Kamuoyuna da yansıyan itiraflarla, devletten güç alarak bu suçları işleyen faillerin ağzından gerçekler itiraf edildi. Ancak bu suçların üstü örtüldü, cezasız bırakıldı. Bugün yine içeriden benzer bir itirafa tanık oluyoruz. Diğerlerinde olduğu gibi devleti yönetenler ve yargı, yine başını kuma gömüyor.İktidar güçleri suçluları koruyacaklarını gösterir açıklamalar yapıyor. Cumartesi Anneleri ve insan hakları savunucuları olarak, devleti suç örgütü olarak gösteren bu duruma son verilmesini istiyoruz. Organize suç örgütü lideri denilen Peker’in açıklamalarının ihbar kabul edilerek, sözünü ettiği cinayetlere ilişkin soruşturmaların açılması, etkin soruşturmalar yoluyla hakikatin ortaya çıkartılması ve faillerin cezalandırılmasını bekliyor, tüm savcıları göreve çağırıyoruz.'
'26 YILDIR ÖMER SÖĞÜT’ÜN AKIBETİ KARANLIKTA BIRAKILDI'
“26 yıl önce gözaltındayken kaybedilen Ömer Söğüt ile ilgili adalet istemekten vazgeçilmeyeceği” belirtilen şöyle:'47 yaşındaki 8 çocuk babası Ömer Söğüt ve ailesi, Lice’nin Dibek (Derxust) köyünde yaşıyordu. Güvenlik güçleri tarafından köylerinin yakılması nedeniyle göç etmek zorunda kalmışlardı. Ancak Ömer Söğüt, tek geçim kaynakları olan köy civarındaki bağlarına çalışmak üzere gidiyordu. Bu gidiş gelişlerde askerlere rastlarsa darp edilmiş halde eve dönüyordu.

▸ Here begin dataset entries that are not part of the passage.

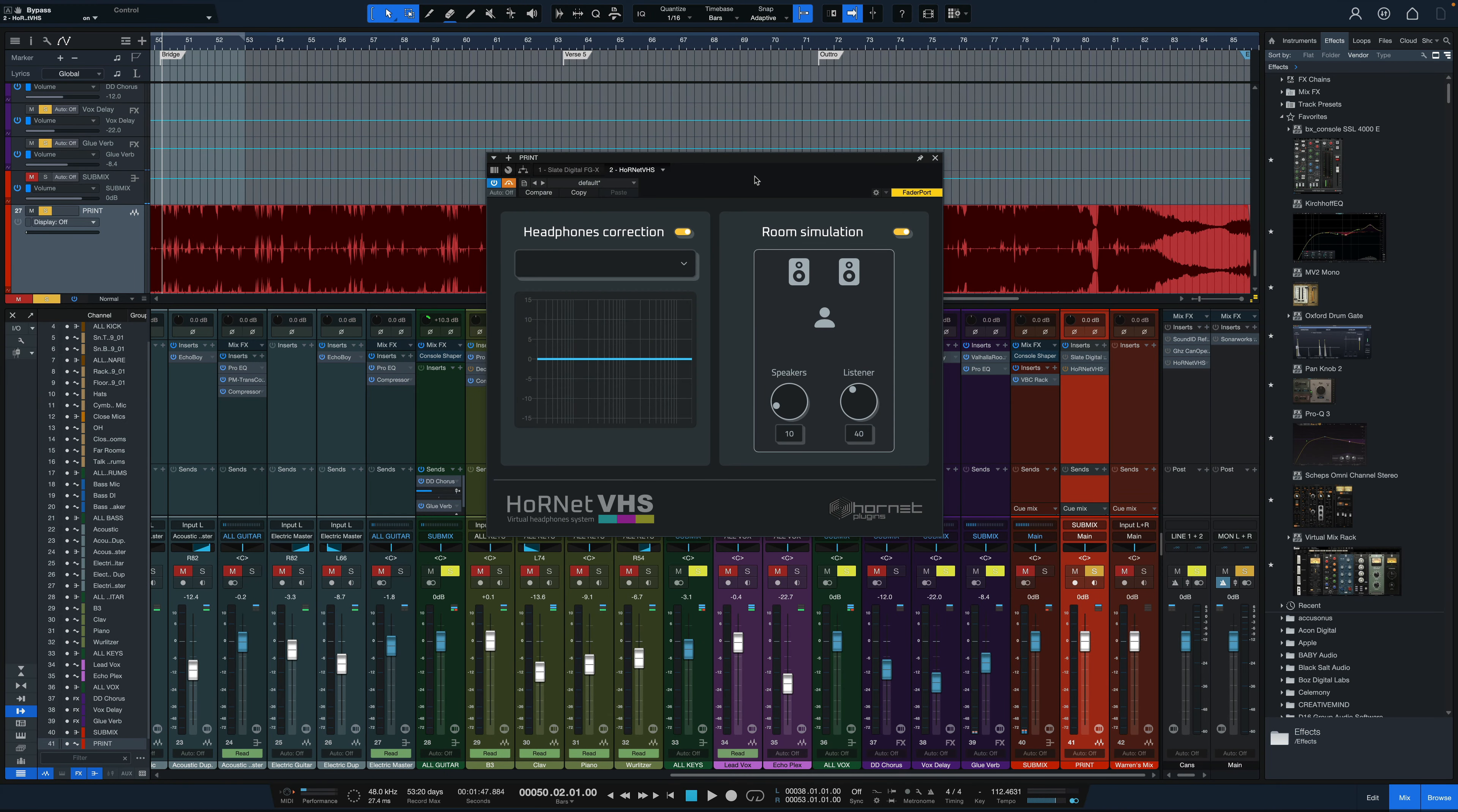Hey everybody, it's Joe from GreenLightSound.com and today we're going to take a look at a new plug-in from Hornet plugins, the VHS virtual headphones system.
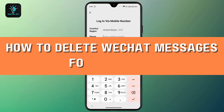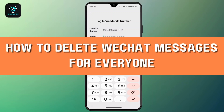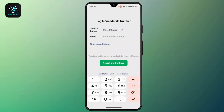How to delete WeChat messages for everyone. Hi everyone, this is Kate and welcome back to the channel. On today's video we will learn how we can delete WeChat messages for everyone, so without further delay let's get started.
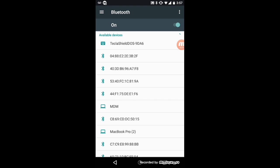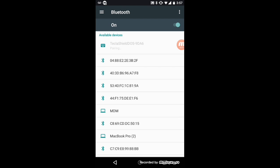Once it is found, you will see the Tecla Shield listed on your screen as Tecla Shield DOS, followed by a few random numbers. Click on that label.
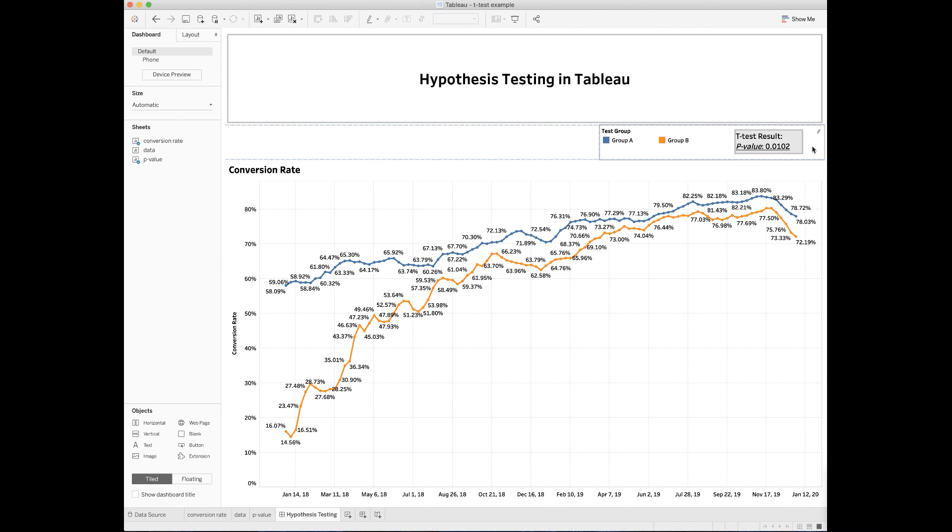In this dashboard, the p-value for the t-test between group A and group B is less than the critical value of .05. This means we're 95% confident that the conversion rates between group A and group B are statistically significant with p-value equals to .0102.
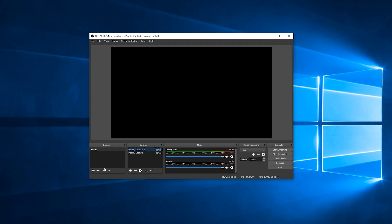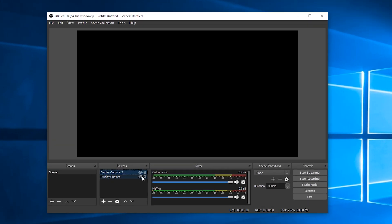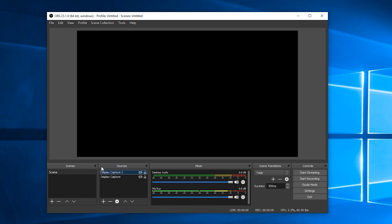So the first thing you want to do is open up OBS and then we're going to be locating to our sources panel on the bottom left of our OBS window where we should see all current sources for our scene.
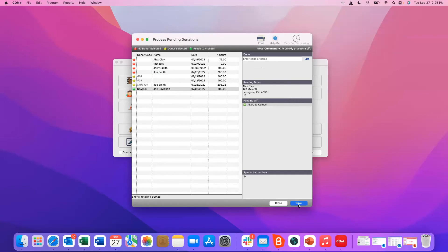So again this is just to really help reduce the number of duplicate records in the system. It also allows you as an admin to see those that are giving as a guest. So if you do have a new donor this is a great way to highlight those donors so if you need to reach out to them you can.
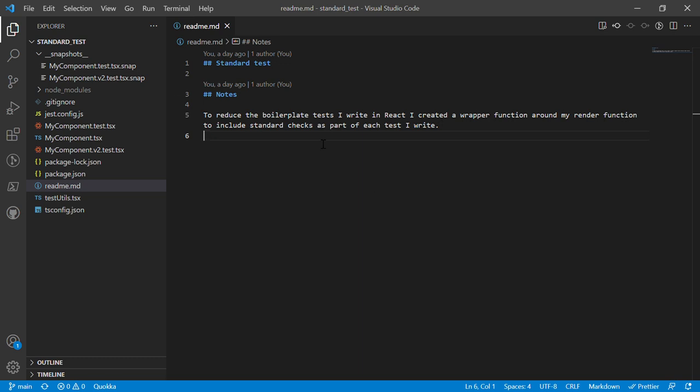Okay guys, so in this video I'm going to show you a few tips and tricks that hopefully are going to help you reduce your standard unit test boilerplate in React. So let's get into it.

20 Mayıs 1995 sabahı asmaları budamak için eşeği ile birlikte bağa gitti ancak akşam eve dönmedi. Sabah eşine bakmak için bağa giden Meyase Söğüt, onun eşyalarını gördü. Eşek ağaca bağlı haldeydi. Toprakta da bir noktaya kadar devam eden ayak izleri ve o noktadan sonra sürüp giden araç izleri vardı. Etrafa eşini sordu. Civarda binlerce askerin katıldığı askeri bir operasyon yapıldığını, bu askerlerin eşini bahçeden alıp götürdüklerini öğrendi.
Üç gün eşi serbest bırakılır diye bekleyen Meyase Söğüt, bir yandan da onu kendi imkanlarıyla aradı. Jandarma Merkezine gidip ‘eşimi askerler almışlar, ne yapmışlar bize söyleyin’ dedi. Şahabettin ön isimli rütbeli subay ona hakaretler yağdırdı, darp etti. Savcılığa başvurduğunda ise ancak üçüncü dilekçesi kabul edildi. Başvurduğu yetkililere “Eşimi asker almış. Ne olmuşsa devlet biliyor. Ben eşimin topraktaki ayak izlerini takip ettim. Onun ayak izleri Panzerin izlerinin bulunduğu yerde bitiyordu. Sonrasında panzerin izleri devam ediyordu’ dediği için devlete iftira atmakla suçlandı, tehdit edildi.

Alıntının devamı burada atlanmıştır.